§ **Your assignment**
Set down each record that follows exactly. Drop the images.

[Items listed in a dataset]
══════════════════════════════

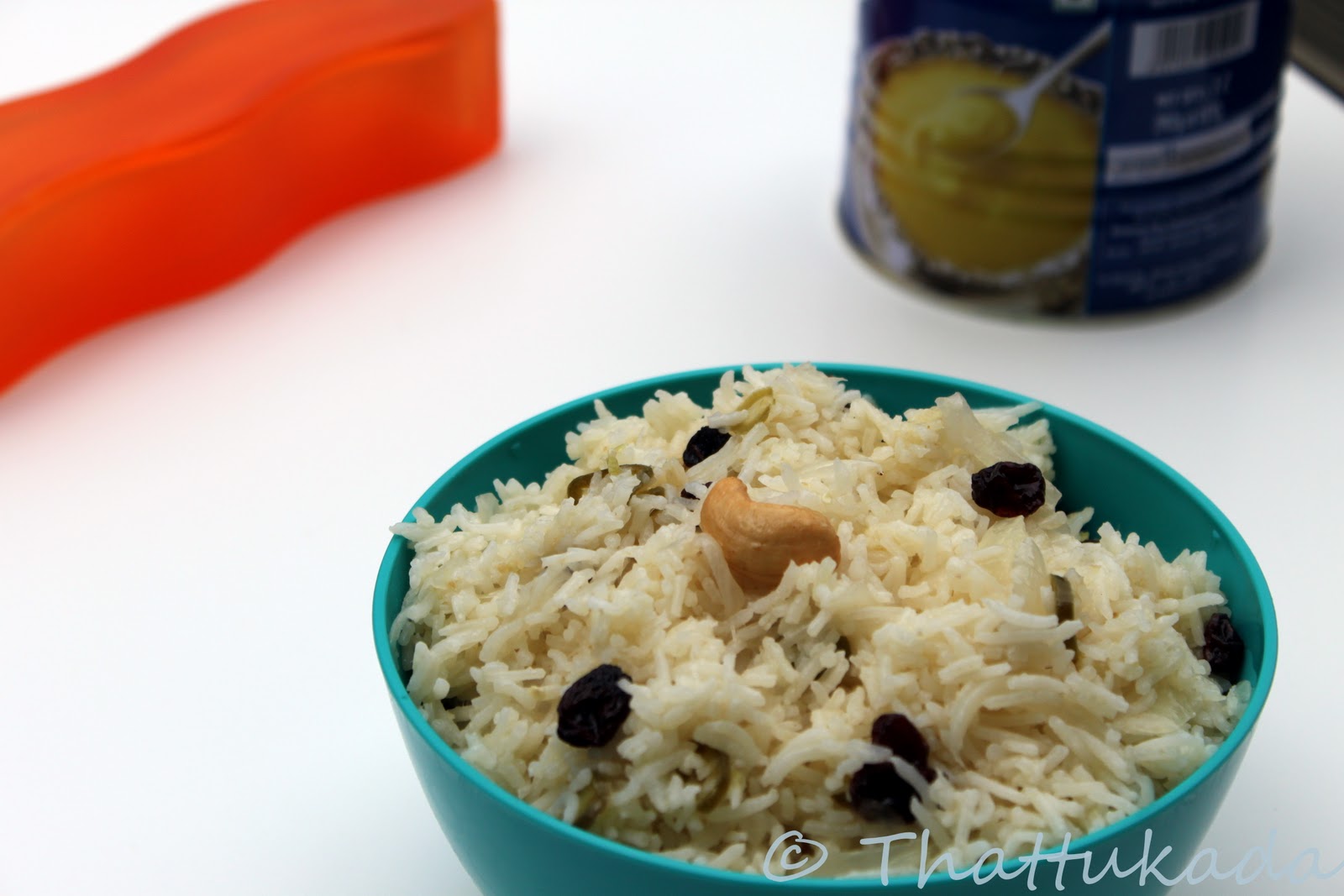 Nei Choru / Ghee Rice Thattukada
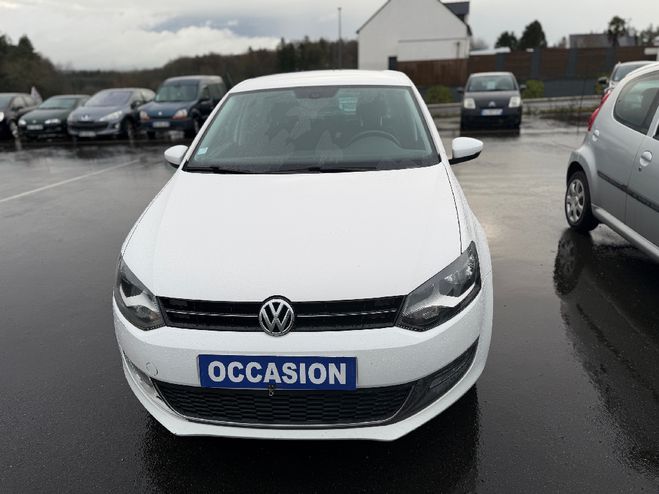 Volkswagen Polo  1.6 TDI 90 CR  Confortline  BLANC de 2011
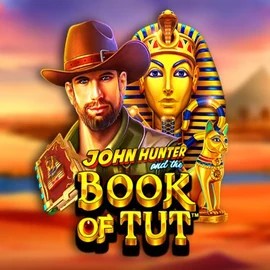 John Hunter and the Book of Tut by Pragmatic Play, showcased at blogmag.gr – game logo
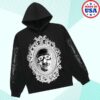 kenny Section 8 Official Merch Store Face Death In The Mirror Black Hoodiea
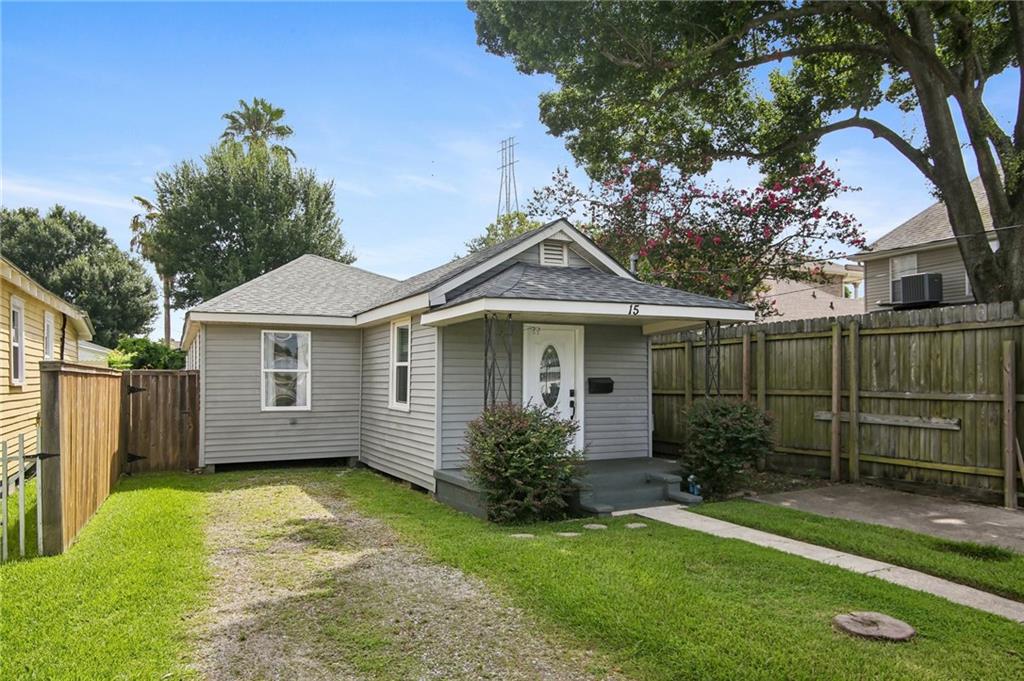 Photo 2 of Single family home for sale at 15 Crislaur Ave, New Orleans, LA 70123 | MLS# 2568277 | Listing updated on 2026-09-12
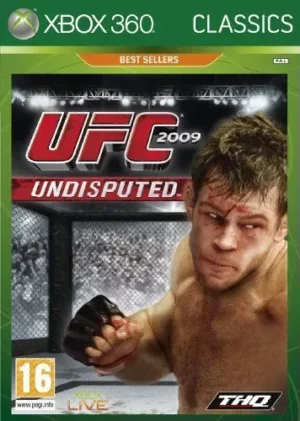 UFC 2009 Undisputed на xbox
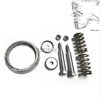 Exhaust Pipe Kit For Peugeot 206 207 307 408 CitorenC2 C4 C4L TU5JP Engine Block OEM: 179774 HS01-013-005
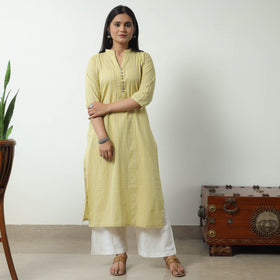 jacquard kurta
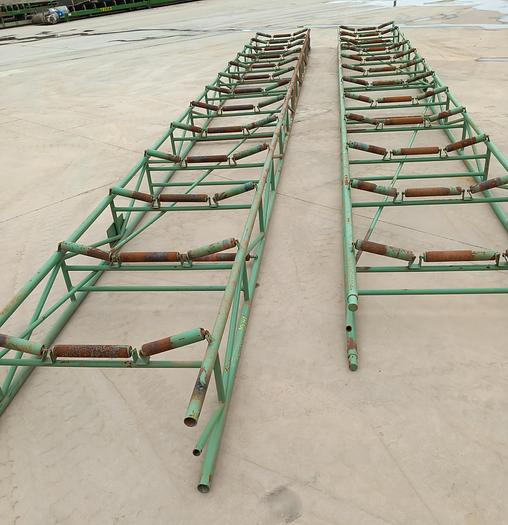 Used Tapete transportador com 84 metros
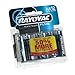 Rayovac 815-12C AA Alkaline Battery - 12 Pack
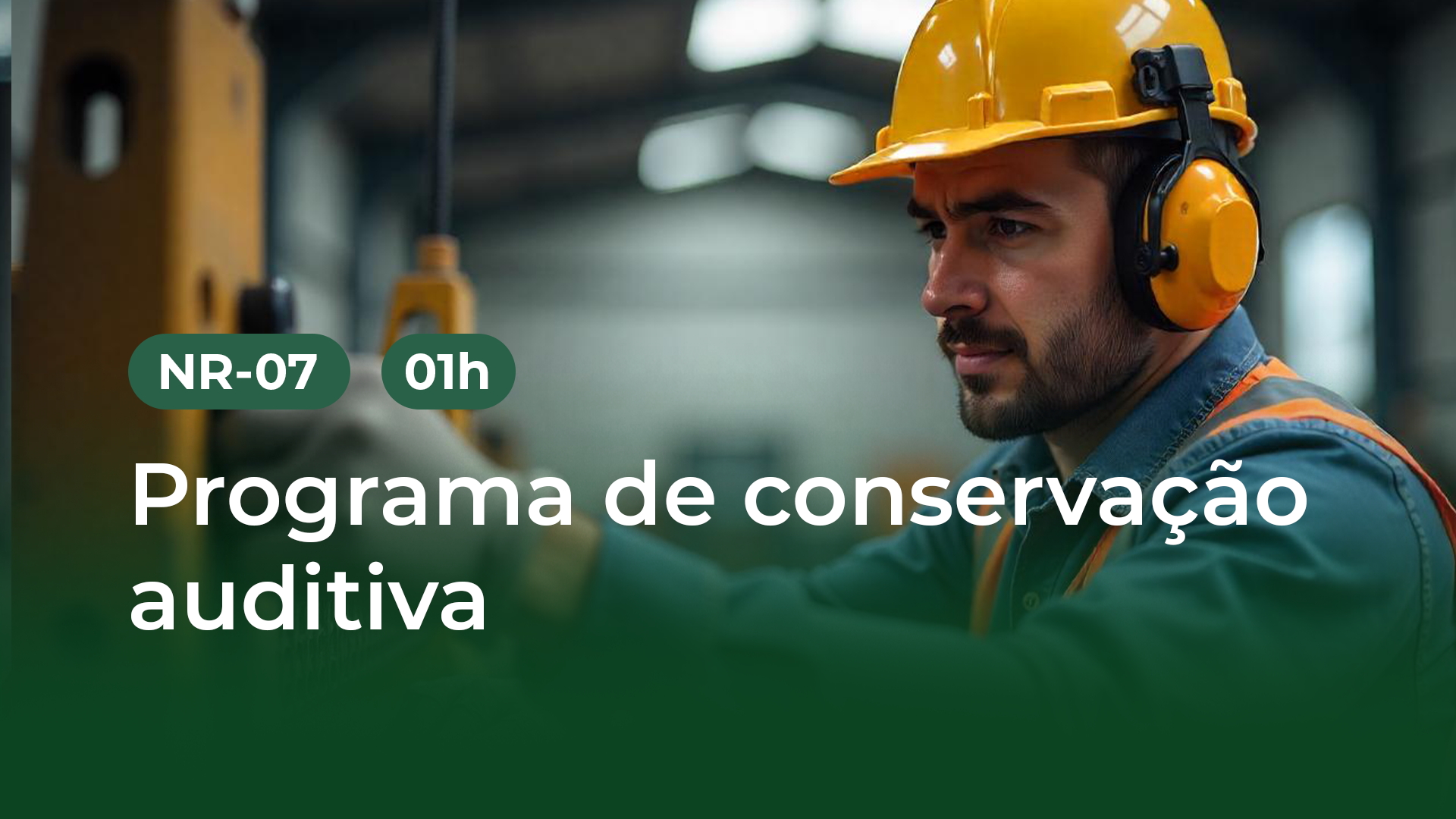 PROGRAMA DE CONSERVAÇÃO AUDITIVA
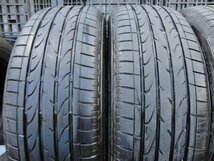 ☆3708 美品9分山 ブリヂストン DUELER H/P SPORT 225/55R18 4本 2020年製_画像2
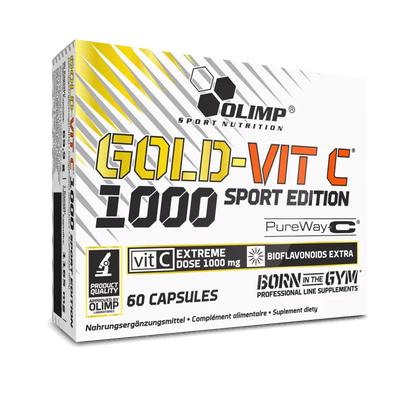 Olimp GOLD VIT C | 60 caps Nutricore Nutrition®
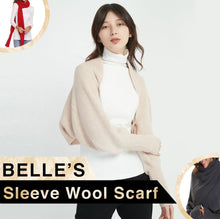 Load image into Gallery viewer, Belle&#39;s HeatTech Sleeve Scarf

══════════════════════════════

§ **Output for this exercise**
 Nei Choru / Ghee Rice Thattukada
 Volkswagen Polo  1.6 TDI 90 CR  Confortline  BLANC de 2011
 John Hunter and the Book of Tut by Pragmatic Play, showcased at blogmag.gr – game logo
 kenny Section 8 Official Merch Store Face Death In The Mirror Black Hoodiea
 Photo 2 of Single family home for sale at 15 Crislaur Ave, New Orleans, LA 70123 | MLS# 2568277 | Listing updated on 2026-09-12
 UFC 2009 Undisputed на xbox
 Exhaust Pipe Kit For Peugeot 206 207 307 408 CitorenC2 C4 C4L TU5JP Engine Block OEM: 179774 HS01-013-005
 jacquard kurta
 Used Tapete transportador com 84 metros
 Rayovac 815-12C AA Alkaline Battery - 12 Pack
 PROGRAMA DE CONSERVAÇÃO AUDITIVA
 ☆3708 美品9分山 ブリヂストン DUELER H/P SPORT 225/55R18 4本 2020年製_画像2
 Olimp GOLD VIT C | 60 caps Nutricore Nutrition®
 Load image into Gallery viewer, Belle&#39;s HeatTech Sleeve Scarf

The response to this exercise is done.